I'm fairly sure I thought it wouldn't matter because of the Param de-duplication done in paramassign.c. However, Richard's example shows that's not so, because process_subquery_nestloop_params is picky about the param ID assigned to a particular Var while replace_nestloop_params is not. So flipping the order makes sense. I'd change the comment though, maybe to
/* * Replace any outer-relation variables with nestloop params. * * We must provide nestloop params for both lateral references of * the subquery and outer vars in the scan_clauses. It's better * to assign the former first, because that code path requires * specific param IDs, while replace_nestloop_params can adapt * to the IDs assigned by process_subquery_nestloop_params. * This avoids possibly duplicating nestloop params when the * same Var is needed for both reasons. */
+1. It's much better.
However ... it seems like we're not out of the woods yet. Why is Richard's proposed test case still showing
Seems like there is missing de-duplication logic, or something.

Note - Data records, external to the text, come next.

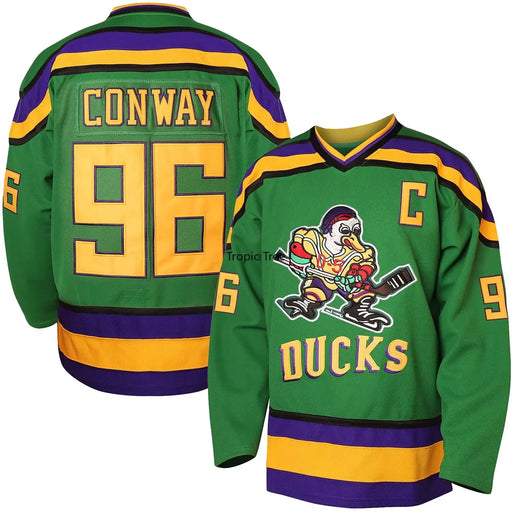 Mighty Ducks Jersey 96 Unisex Movie Ice Hockey 99 Adam Banks Jersey Sport Sweater Stitched Letters Numbers S-XXXL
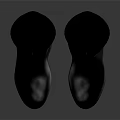 Black Leather Cowboy Boots Featuring Silver Embroidery And Stylish Medium Heel Design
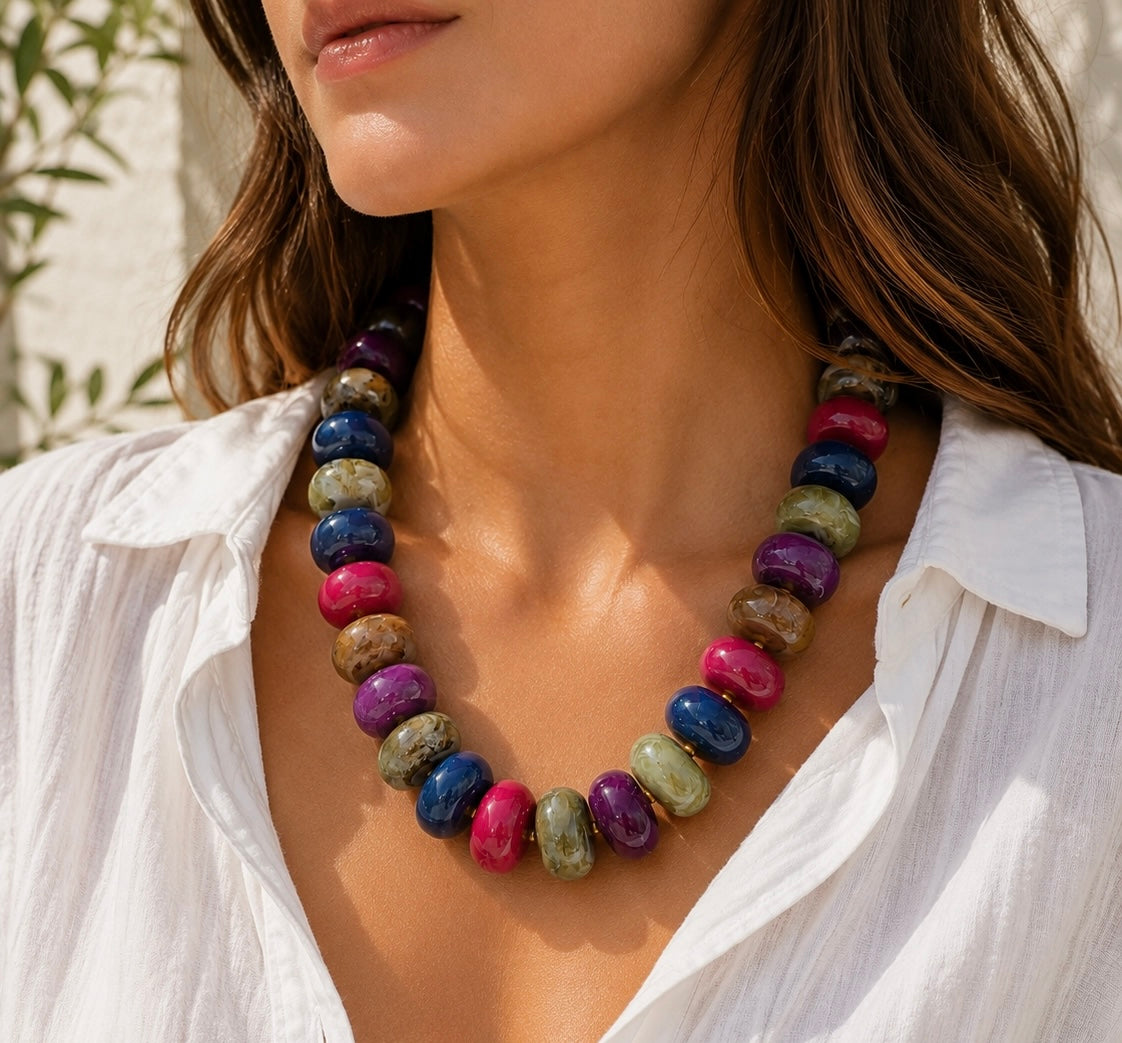 Chunky Marble Seed Bead Statement Necklace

When we collect the cache keys in paraminfo_get_equal_hashops() we search param_info's ppi_clauses as well as innerrel's lateral_vars for outer expressions. We do not perform de-duplication on the collected outer expressions there. In my proposed test case, the same Var 't1.two' appears both in the param_info->ppi_clauses and in the innerrel->lateral_vars, so we see two identical cache keys in the plan. I noticed this before and wondered if we should do de-duplication on the cache keys, but somehow I did not chase this to the ground.